**Your task:** Would you transcribe the listing that follows word for word, skipping pictures?

**Information provided:**
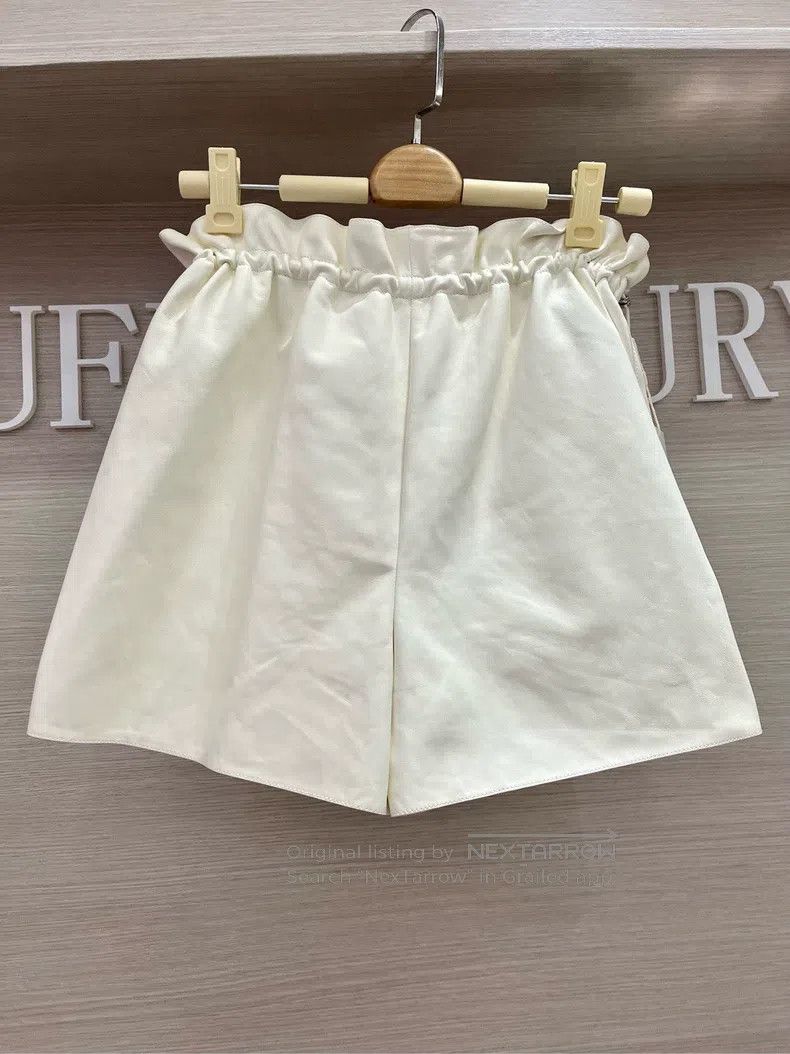 Hermes Hermes White Bud Leather Shorts Size 42" / US 20 - 2 Thumbnail
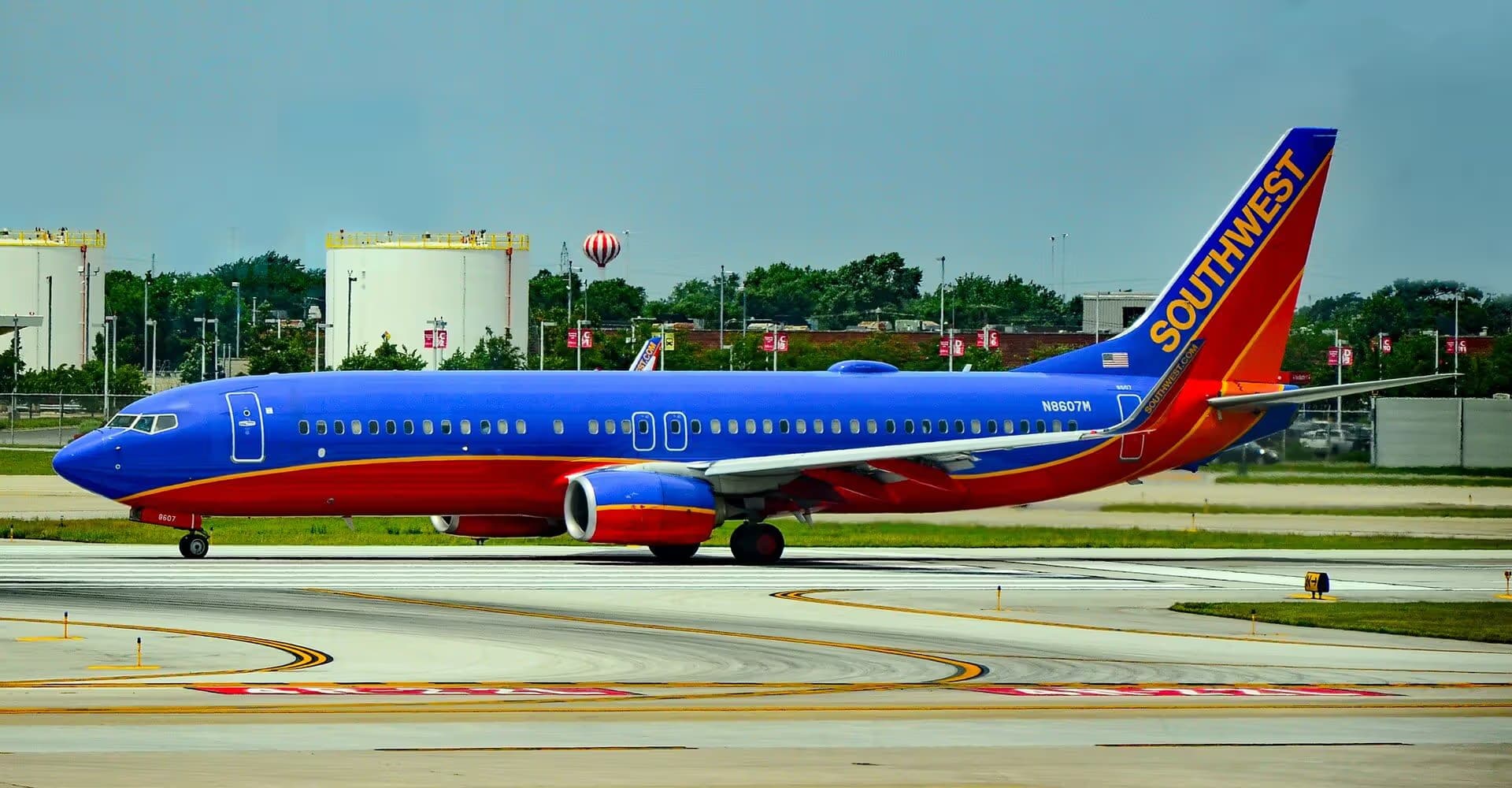 N8607M — Boeing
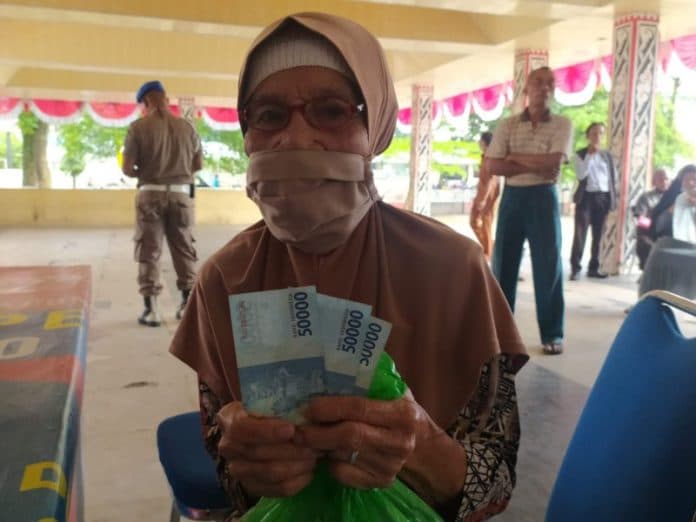 blt_dampak_kenaikan_bbm_mulai_dibagikan_ini_cerita_warga_siantar_penerima_bantuan
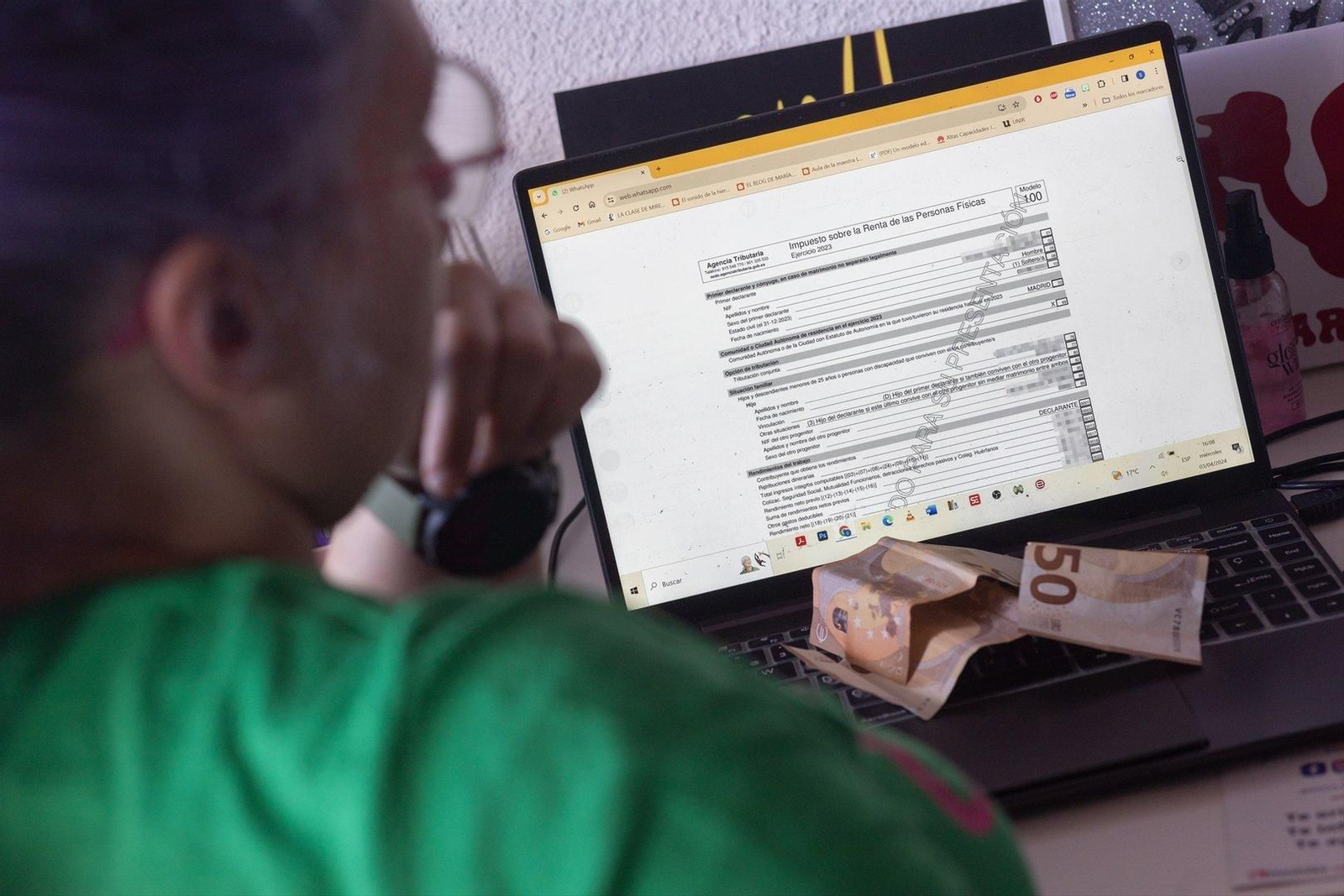 Una mujer hace la declaración de la renta en un ordenador. // EP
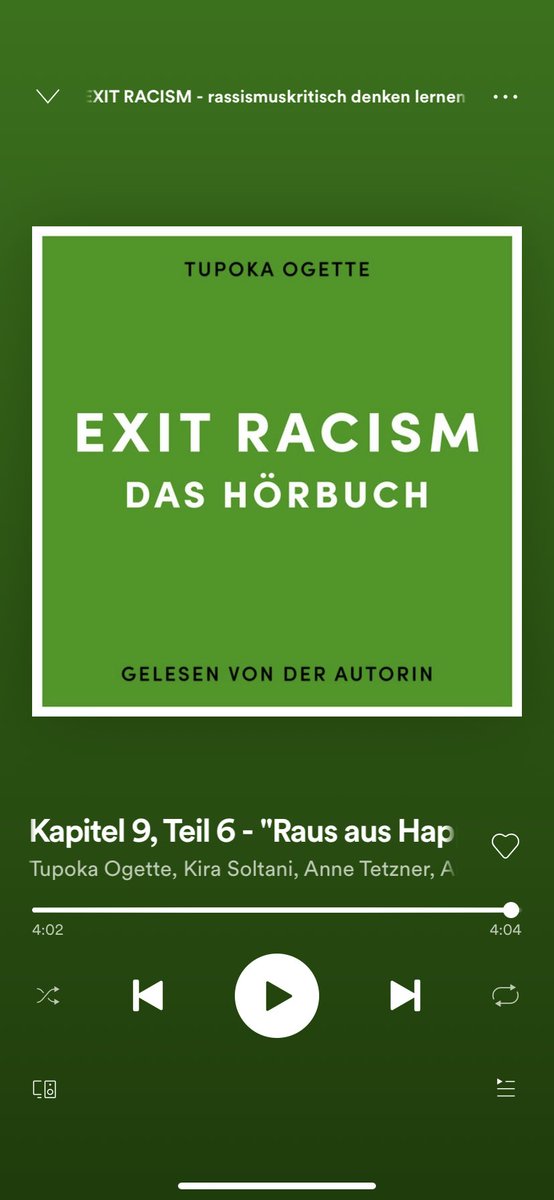 nastja_wh's tweet image. Gerade das letzte Kapitel zu Ende gehört - danke für dieses bewegende, beeindruckende und lehrreiche (Hör-)Buch @Tupoka_O 🙏 Absolute Empfehlung an all meine weißen Mitbürger*innen, die es bisher noch nicht gelesen oder gehört haben 🎧📗👉 #ExitRacism!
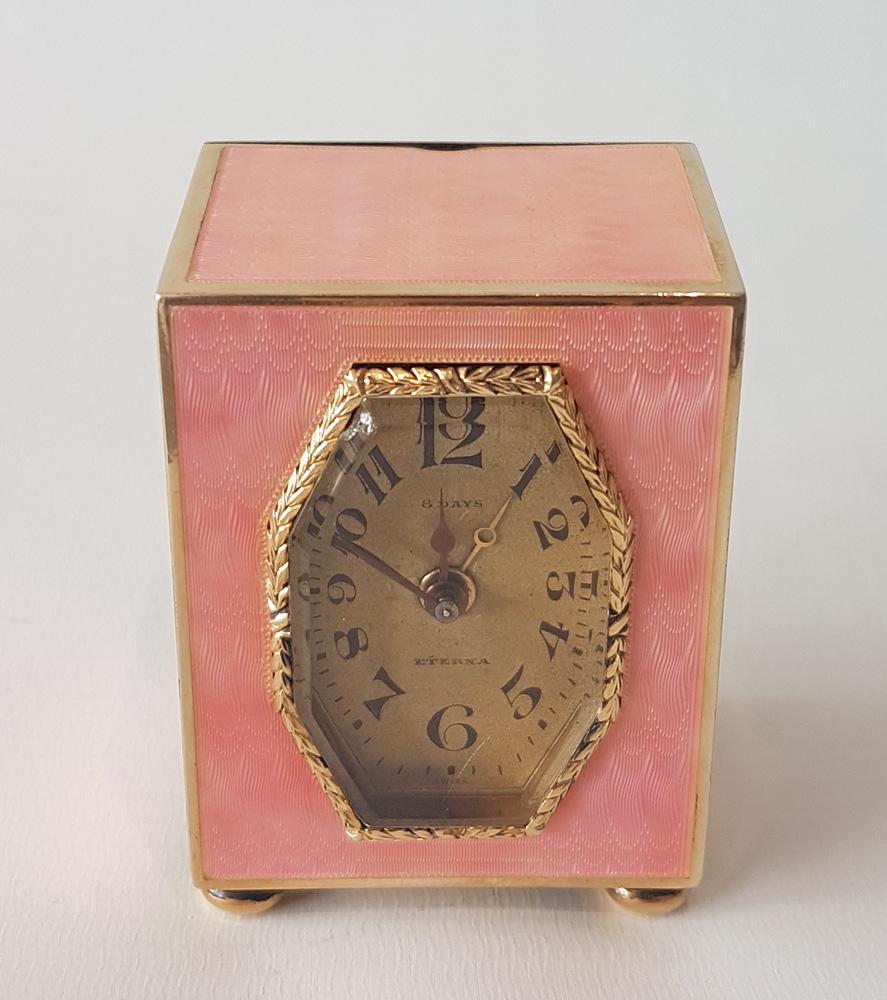 Pink Guilloche Enamel Silver Gilt Sub-Miniature Carriage Clock with Alarm In Good Condition For Sale In London, GB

**Task solution:**
 Hermes Hermes White Bud Leather Shorts Size 42" / US 20 - 2 Thumbnail
 N8607M — Boeing
 blt_dampak_kenaikan_bbm_mulai_dibagikan_ini_cerita_warga_siantar_penerima_bantuan
 Una mujer hace la declaración de la renta en un ordenador. // EP
 nastja_wh's tweet image. Gerade das letzte Kapitel zu Ende gehört - danke für dieses bewegende, beeindruckende und lehrreiche (Hör-)Buch @Tupoka_O 🙏 Absolute Empfehlung an all meine weißen Mitbürger*innen, die es bisher noch nicht gelesen oder gehört haben 🎧📗👉 #ExitRacism!
 Pink Guilloche Enamel Silver Gilt Sub-Miniature Carriage Clock with Alarm In Good Condition For Sale In London, GB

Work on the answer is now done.